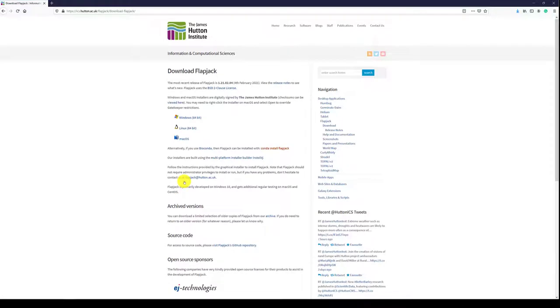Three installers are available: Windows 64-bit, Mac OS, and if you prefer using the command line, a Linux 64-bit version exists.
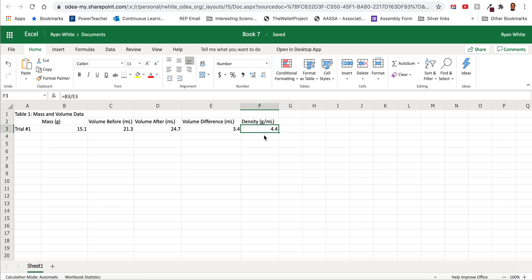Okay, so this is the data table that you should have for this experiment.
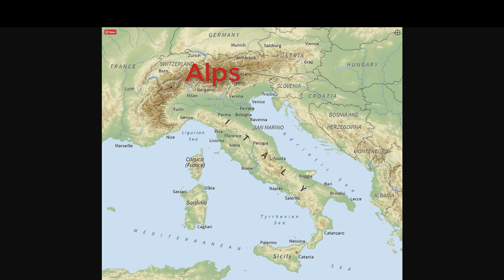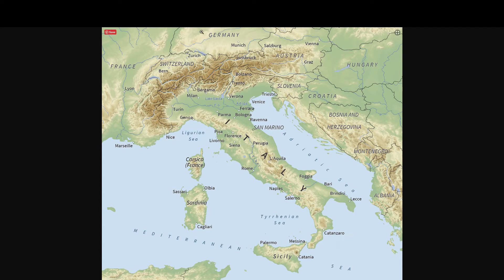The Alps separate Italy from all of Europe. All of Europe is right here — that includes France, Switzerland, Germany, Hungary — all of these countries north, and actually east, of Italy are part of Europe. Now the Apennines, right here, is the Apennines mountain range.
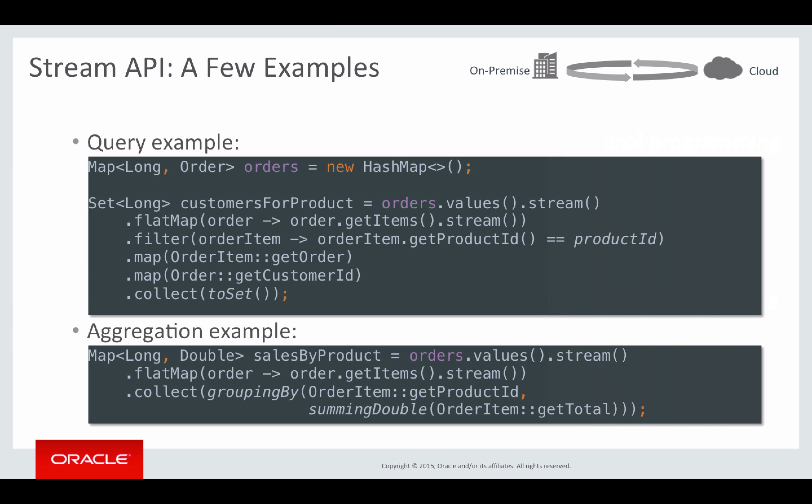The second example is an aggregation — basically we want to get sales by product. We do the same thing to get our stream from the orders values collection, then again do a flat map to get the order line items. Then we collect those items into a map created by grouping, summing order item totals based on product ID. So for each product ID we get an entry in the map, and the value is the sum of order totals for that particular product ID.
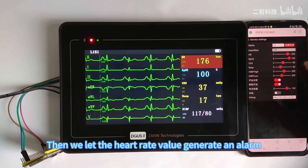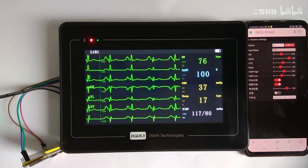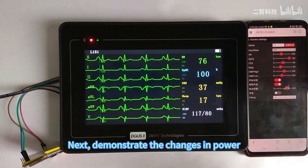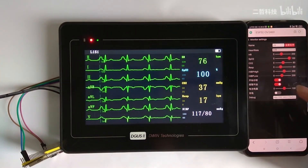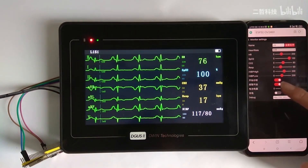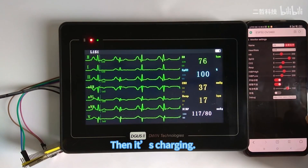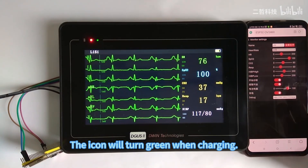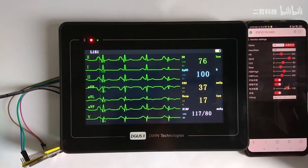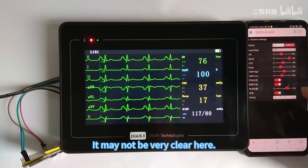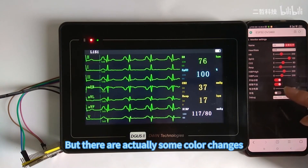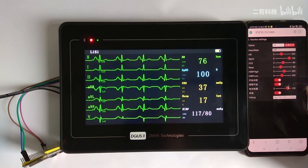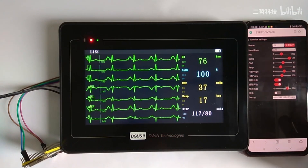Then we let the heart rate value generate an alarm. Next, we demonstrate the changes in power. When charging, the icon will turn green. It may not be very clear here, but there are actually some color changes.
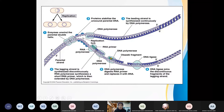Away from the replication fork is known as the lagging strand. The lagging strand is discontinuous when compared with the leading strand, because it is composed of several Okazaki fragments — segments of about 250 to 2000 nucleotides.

* Problem:
Once the pictures are set aside, output all of the data above verbatim.

* Final answer:
Three installers are available: Windows 64-bit, Mac OS, and if you prefer using the command line, a Linux 64-bit version exists.
Okay, so this is the data table that you should have for this experiment.
The Alps separate Italy from all of Europe. All of Europe is right here — that includes France, Switzerland, Germany, Hungary — all of these countries north, and actually east, of Italy are part of Europe. Now the Apennines, right here, is the Apennines mountain range.
The second example is an aggregation — basically we want to get sales by product. We do the same thing to get our stream from the orders values collection, then again do a flat map to get the order line items. Then we collect those items into a map created by grouping, summing order item totals based on product ID. So for each product ID we get an entry in the map, and the value is the sum of order totals for that particular product ID.
Then we let the heart rate value generate an alarm. Next, we demonstrate the changes in power. When charging, the icon will turn green. It may not be very clear here, but there are actually some color changes.
Away from the replication fork is known as the lagging strand. The lagging strand is discontinuous when compared with the leading strand, because it is composed of several Okazaki fragments — segments of about 250 to 2000 nucleotides.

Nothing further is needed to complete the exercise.